_Task details:_ Beginning with the very first line, please reproduce the entries exactly through the line containing "Screen options, Other".

(Stored data)
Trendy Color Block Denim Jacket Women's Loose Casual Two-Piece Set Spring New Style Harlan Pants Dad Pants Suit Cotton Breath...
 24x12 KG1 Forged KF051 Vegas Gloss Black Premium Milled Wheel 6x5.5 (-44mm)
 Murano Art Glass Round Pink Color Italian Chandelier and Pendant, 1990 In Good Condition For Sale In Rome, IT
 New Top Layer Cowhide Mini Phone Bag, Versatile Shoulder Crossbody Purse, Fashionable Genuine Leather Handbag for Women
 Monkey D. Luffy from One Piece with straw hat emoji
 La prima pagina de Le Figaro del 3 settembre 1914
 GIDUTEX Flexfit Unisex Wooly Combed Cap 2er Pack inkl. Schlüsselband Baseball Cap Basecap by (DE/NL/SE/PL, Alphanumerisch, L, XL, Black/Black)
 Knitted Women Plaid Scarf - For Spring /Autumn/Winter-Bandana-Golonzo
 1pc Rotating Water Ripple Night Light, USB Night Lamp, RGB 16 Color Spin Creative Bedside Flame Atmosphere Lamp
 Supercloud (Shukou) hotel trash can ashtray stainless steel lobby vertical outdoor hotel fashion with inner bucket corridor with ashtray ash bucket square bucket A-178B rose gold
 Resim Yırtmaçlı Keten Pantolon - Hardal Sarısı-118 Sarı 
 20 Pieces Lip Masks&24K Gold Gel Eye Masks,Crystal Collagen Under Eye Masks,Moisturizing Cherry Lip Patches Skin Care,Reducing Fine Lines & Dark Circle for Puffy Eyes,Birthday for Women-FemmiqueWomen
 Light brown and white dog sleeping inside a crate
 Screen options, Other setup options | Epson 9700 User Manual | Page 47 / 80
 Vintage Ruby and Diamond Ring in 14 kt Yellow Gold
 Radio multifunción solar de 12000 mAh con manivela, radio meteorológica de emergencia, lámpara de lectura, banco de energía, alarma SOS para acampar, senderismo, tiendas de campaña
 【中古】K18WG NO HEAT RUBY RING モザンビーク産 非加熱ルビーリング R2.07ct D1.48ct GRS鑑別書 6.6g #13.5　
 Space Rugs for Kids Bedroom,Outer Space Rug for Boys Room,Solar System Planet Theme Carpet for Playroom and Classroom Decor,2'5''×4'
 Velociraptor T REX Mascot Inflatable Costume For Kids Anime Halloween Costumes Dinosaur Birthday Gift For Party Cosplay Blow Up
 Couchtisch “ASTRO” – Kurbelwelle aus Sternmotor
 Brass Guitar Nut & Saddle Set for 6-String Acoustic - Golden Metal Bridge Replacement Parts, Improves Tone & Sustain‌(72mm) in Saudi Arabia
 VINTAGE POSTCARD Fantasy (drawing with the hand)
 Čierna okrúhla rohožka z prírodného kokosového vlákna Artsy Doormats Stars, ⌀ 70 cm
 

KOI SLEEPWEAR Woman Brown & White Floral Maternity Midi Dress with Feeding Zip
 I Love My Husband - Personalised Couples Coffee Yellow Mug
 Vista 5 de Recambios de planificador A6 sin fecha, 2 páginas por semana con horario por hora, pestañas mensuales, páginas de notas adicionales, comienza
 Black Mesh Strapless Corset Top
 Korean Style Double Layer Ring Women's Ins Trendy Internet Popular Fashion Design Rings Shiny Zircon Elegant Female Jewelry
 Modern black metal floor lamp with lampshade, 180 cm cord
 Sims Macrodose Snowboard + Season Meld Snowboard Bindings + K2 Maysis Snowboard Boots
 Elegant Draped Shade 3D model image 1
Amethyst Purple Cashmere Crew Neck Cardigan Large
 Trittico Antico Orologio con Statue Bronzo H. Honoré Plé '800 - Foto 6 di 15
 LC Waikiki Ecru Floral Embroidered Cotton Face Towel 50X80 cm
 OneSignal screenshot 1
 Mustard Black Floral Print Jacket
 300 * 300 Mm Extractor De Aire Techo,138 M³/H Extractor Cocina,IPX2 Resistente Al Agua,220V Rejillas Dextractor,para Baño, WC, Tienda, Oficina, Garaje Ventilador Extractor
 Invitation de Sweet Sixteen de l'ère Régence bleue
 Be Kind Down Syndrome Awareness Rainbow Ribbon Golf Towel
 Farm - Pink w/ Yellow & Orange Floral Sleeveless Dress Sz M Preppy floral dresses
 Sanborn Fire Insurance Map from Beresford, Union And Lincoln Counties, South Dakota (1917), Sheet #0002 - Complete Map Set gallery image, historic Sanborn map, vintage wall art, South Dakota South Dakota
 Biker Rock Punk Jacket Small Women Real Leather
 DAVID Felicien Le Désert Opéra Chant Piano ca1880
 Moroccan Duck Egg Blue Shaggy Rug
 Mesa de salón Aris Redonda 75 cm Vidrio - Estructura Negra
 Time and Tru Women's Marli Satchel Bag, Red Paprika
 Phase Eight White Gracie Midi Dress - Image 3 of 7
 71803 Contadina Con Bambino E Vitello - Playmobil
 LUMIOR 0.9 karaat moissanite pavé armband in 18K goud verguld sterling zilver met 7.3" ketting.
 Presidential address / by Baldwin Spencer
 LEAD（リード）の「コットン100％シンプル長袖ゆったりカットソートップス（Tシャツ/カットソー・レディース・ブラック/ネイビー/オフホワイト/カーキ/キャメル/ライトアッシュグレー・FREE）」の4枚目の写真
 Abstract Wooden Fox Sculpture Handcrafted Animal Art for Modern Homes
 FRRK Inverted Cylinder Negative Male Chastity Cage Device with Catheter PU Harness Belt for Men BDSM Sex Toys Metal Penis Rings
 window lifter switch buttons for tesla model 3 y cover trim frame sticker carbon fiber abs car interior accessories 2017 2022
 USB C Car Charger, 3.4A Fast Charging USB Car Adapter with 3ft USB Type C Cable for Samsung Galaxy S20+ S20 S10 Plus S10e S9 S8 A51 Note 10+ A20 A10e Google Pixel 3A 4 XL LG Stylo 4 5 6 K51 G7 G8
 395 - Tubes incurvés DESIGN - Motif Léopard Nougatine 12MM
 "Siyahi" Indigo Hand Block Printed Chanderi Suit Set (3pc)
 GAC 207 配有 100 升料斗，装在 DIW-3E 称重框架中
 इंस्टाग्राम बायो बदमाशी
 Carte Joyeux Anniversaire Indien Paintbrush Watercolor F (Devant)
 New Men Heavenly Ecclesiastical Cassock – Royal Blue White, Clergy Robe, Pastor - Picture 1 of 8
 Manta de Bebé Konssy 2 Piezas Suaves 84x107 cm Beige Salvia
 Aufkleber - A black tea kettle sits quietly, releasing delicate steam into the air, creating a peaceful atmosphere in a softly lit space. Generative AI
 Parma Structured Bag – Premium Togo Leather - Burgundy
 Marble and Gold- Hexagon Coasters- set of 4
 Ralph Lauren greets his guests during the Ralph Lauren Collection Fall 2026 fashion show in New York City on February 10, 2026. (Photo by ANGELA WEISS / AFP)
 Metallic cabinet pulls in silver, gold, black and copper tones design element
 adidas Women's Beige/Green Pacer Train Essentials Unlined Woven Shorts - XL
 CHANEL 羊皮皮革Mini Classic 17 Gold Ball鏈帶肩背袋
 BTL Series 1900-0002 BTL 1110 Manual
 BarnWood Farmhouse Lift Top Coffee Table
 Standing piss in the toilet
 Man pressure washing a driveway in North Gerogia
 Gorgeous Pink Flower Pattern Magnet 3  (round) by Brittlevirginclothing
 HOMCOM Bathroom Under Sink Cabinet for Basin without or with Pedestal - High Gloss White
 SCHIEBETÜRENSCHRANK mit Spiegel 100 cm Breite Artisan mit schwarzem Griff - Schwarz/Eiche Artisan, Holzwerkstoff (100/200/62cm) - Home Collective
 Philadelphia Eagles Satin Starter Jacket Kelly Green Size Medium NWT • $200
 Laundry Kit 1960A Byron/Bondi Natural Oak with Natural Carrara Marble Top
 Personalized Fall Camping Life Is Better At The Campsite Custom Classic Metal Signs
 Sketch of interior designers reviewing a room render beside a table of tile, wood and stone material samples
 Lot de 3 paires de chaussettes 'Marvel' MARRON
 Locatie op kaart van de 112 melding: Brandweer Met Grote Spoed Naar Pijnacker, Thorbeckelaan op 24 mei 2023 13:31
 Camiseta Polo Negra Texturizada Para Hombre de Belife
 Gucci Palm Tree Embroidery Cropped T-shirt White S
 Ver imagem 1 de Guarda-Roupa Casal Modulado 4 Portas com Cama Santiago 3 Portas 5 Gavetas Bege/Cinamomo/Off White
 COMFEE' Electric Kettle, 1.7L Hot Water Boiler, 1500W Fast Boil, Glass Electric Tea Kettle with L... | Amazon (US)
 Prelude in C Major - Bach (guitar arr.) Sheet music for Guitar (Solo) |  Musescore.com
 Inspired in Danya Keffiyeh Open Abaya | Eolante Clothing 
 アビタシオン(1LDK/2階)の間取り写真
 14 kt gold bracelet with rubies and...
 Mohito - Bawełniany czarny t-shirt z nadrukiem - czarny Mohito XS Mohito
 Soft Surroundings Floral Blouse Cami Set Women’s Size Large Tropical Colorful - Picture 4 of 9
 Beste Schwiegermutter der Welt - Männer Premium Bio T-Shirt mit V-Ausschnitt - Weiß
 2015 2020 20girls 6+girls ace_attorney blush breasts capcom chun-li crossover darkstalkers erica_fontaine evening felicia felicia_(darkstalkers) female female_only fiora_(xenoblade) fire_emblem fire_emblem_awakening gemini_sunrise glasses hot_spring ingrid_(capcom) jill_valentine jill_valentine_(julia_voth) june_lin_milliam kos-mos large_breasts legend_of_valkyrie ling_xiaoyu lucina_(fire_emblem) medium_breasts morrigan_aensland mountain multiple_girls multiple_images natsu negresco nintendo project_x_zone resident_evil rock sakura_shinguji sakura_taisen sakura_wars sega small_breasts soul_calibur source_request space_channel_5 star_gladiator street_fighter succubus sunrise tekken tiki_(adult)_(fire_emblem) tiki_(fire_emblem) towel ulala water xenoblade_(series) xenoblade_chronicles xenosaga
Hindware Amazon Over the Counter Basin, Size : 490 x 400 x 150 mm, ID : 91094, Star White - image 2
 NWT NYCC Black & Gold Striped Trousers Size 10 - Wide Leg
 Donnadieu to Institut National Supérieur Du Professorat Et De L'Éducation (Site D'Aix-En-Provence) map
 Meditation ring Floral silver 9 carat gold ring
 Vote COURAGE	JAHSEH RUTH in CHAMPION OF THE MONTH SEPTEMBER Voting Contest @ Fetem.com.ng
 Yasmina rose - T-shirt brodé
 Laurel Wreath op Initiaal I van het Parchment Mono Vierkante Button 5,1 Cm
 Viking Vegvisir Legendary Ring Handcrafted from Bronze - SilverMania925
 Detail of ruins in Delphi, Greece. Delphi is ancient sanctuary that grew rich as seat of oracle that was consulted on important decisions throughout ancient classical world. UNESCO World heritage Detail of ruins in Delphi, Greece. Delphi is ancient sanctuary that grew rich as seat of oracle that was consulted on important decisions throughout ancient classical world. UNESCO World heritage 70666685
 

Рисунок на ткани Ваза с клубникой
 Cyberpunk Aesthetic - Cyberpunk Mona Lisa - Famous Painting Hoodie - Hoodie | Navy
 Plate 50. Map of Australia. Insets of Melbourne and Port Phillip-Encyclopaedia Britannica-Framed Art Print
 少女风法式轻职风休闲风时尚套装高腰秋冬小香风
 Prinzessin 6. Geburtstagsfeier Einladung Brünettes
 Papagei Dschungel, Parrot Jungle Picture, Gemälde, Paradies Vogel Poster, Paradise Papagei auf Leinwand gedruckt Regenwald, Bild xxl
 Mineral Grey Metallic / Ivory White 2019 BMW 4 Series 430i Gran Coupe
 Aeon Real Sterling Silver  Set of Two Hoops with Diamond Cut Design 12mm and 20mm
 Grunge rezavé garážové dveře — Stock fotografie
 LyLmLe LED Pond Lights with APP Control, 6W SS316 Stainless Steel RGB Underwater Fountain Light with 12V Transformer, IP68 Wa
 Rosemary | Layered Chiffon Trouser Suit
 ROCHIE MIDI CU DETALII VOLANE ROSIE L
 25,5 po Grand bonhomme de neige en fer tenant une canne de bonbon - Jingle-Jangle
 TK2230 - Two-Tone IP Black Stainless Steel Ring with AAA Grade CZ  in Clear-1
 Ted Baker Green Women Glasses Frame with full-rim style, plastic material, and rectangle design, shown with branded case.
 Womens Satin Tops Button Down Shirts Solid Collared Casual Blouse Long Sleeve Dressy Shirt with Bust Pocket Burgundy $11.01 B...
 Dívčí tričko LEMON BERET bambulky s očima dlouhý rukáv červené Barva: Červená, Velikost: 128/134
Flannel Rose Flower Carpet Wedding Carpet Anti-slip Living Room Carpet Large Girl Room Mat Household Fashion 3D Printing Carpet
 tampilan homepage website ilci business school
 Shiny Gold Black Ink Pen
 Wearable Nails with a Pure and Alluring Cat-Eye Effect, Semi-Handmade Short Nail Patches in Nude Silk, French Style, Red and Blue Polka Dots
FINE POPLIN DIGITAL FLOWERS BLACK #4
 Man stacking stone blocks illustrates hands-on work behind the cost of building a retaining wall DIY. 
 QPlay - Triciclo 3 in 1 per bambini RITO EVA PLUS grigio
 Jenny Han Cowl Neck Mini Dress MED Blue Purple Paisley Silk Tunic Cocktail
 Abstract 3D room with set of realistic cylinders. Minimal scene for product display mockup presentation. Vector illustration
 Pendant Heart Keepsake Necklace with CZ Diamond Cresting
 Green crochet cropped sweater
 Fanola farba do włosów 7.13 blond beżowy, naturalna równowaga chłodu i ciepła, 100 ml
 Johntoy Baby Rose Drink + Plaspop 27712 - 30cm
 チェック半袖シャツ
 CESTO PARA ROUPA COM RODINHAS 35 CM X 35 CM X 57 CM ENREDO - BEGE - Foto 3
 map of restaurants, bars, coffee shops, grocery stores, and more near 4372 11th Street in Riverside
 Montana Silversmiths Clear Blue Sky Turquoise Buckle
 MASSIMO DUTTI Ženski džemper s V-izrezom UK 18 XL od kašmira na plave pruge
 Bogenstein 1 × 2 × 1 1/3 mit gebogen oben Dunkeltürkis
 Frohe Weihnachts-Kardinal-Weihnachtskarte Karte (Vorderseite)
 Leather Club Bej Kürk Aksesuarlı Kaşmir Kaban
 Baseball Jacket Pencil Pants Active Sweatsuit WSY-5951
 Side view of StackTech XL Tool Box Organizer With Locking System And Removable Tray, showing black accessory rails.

_Your response:_
Trendy Color Block Denim Jacket Women's Loose Casual Two-Piece Set Spring New Style Harlan Pants Dad Pants Suit Cotton Breath...
 24x12 KG1 Forged KF051 Vegas Gloss Black Premium Milled Wheel 6x5.5 (-44mm)
 Murano Art Glass Round Pink Color Italian Chandelier and Pendant, 1990 In Good Condition For Sale In Rome, IT
 New Top Layer Cowhide Mini Phone Bag, Versatile Shoulder Crossbody Purse, Fashionable Genuine Leather Handbag for Women
 Monkey D. Luffy from One Piece with straw hat emoji
 La prima pagina de Le Figaro del 3 settembre 1914
 GIDUTEX Flexfit Unisex Wooly Combed Cap 2er Pack inkl. Schlüsselband Baseball Cap Basecap by (DE/NL/SE/PL, Alphanumerisch, L, XL, Black/Black)
 Knitted Women Plaid Scarf - For Spring /Autumn/Winter-Bandana-Golonzo
 1pc Rotating Water Ripple Night Light, USB Night Lamp, RGB 16 Color Spin Creative Bedside Flame Atmosphere Lamp
 Supercloud (Shukou) hotel trash can ashtray stainless steel lobby vertical outdoor hotel fashion with inner bucket corridor with ashtray ash bucket square bucket A-178B rose gold
 Resim Yırtmaçlı Keten Pantolon - Hardal Sarısı-118 Sarı 
 20 Pieces Lip Masks&24K Gold Gel Eye Masks,Crystal Collagen Under Eye Masks,Moisturizing Cherry Lip Patches Skin Care,Reducing Fine Lines & Dark Circle for Puffy Eyes,Birthday for Women-FemmiqueWomen
 Light brown and white dog sleeping inside a crate
 Screen options, Other setup options | Epson 9700 User Manual | Page 47 / 80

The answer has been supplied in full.